Research during this period further validated the effectiveness of knowledge distillation for creating reasoning models. The s1-32B model achieved strong performance through budget forcing and scaling methods, reinforcing findings that simpler training approaches can be highly effective for reasoning capabilities.^[35]^[18]

On February 2, 2025, OpenAI released Deep Research, a feature powered by their o3 model that enables users to conduct comprehensive research tasks.^[36] The system generates detailed reports by automatically gathering and synthesizing information from multiple web sources.^[36]

Remove ads

Training

Summarize

Perspective

Reasoning models follow the familiar large-scale pretraining used for frontier language models, then diverge in the post-training and optimization. OpenAI reports that o1 is trained with a large-scale reinforcement learning algorithm that teaches the model to use and refine a chain of thought before answering. The company emphasizes two coupled levers, more reinforcement learning during training and more time spent thinking at inference, and it documents smooth gains as each increases. OpenAI also states that it decided not to show raw chains to end users and instead returns a model-written summary, a product choice tied to safety monitoring and competitive concerns.^[4]

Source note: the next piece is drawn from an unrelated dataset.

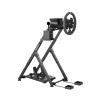Folding sim racing frame Speed 2.5 Black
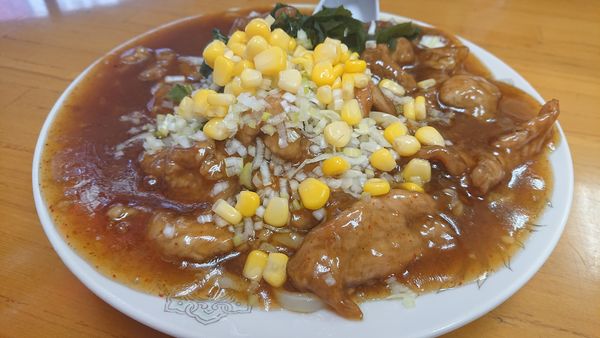 「焼肉冷し」@中華 大進の写真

A central ingredient is process supervision, which rewards intermediate steps rather than only the final answer. OpenAI's study introduced a process reward model trained on step-level labels and found that process supervision significantly outperforms outcome-only supervision on challenging math problems. The project also released the PRM800K step-level feedback dataset and argued that process-level rewards improve interpretability because humans can check each step. These results supplied a practical recipe for supervising chains of thought that was later scaled into production training.^[15]

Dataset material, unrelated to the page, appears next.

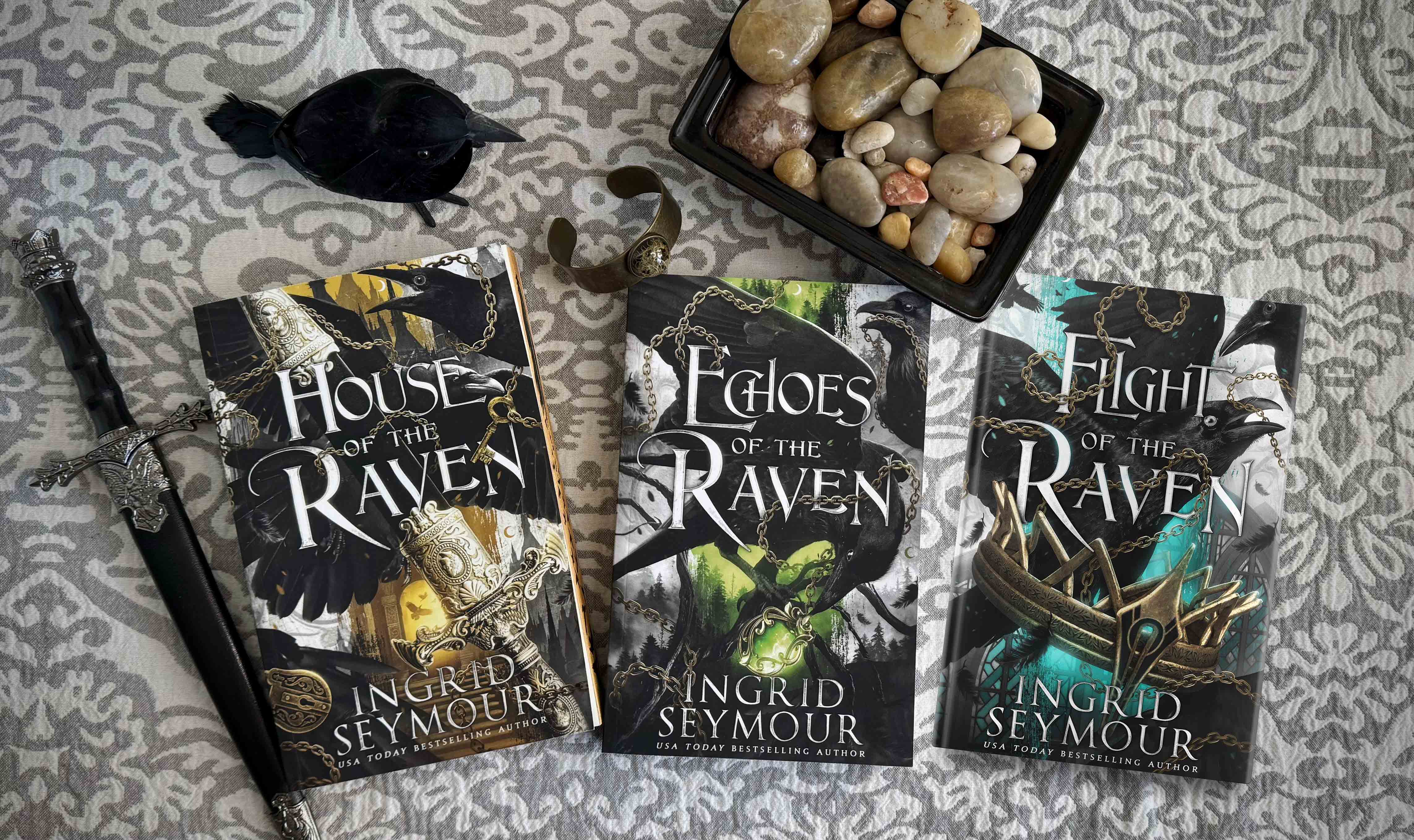 Flight of the Raven – Ingrid Seymour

This training differs in important ways from traditional frontier models that do not target reasoning. Standard systems are pretrained on internet-scale corpora with a next-token prediction objective, then aligned through instruction tuning and preference optimization. The canonical InstructGPT recipe first uses supervised fine-tuning on human demonstrations, then trains a reward model from pairwise preferences, and finally optimizes the policy with reinforcement learning, typically PPO with a KL penalty.^[8]^[37] Variants such as direct preference optimization remove the explicit RL step and optimize the model directly on preference data, but the supervision target is still the final outcome judged by raters rather than the quality of internal steps.^[38] Technical reports for GPT-4 summarize this conventional pipeline as next-token pretraining followed by RLHF-style post-training to shape behavior.^[39]

In contrast, reasoning models are optimized to produce, critique, and revise multi-step chains during training. OpenAI states that reinforcement learning is applied to the chain itself, which teaches the model to recognize mistakes, break problems into simpler steps, and switch strategies when the current approach fails. OpenAI also documents that it hides chains at inference and returns an answer that summarizes useful ideas from the internal trace. These design choices reflect the model's training objective and its intended monitoring.^[4]

Zelikman et al. introduced STaR (Self-Taught Reasoner), which explored bootstrapping rationales by generating and filtering chains, then fine-tuning on those traces, and they reported gains over outcome-only fine-tuning. These methods supplied additional mechanisms for producing training signals that speak to intermediate reasoning, not only final answers.^[40]

DeepSeek reported R1 and R1-Zero systems trained with pure RL to elicit long chains, self-verification, and reflection, arguing that explicit chain-level rewards can induce general reasoning behaviors. These results indicate that post-training focused on chain quality has become a distinct regime separate from outcome-only alignment.^[41]

Supervised fine-tuning

A large language model (LLM) can be fine-tuned on datasets of reasoning tasks paired with step-by-step solution traces. The fine-tuned model learns to produce its own reasoning chains for new problems.^[42]^[43]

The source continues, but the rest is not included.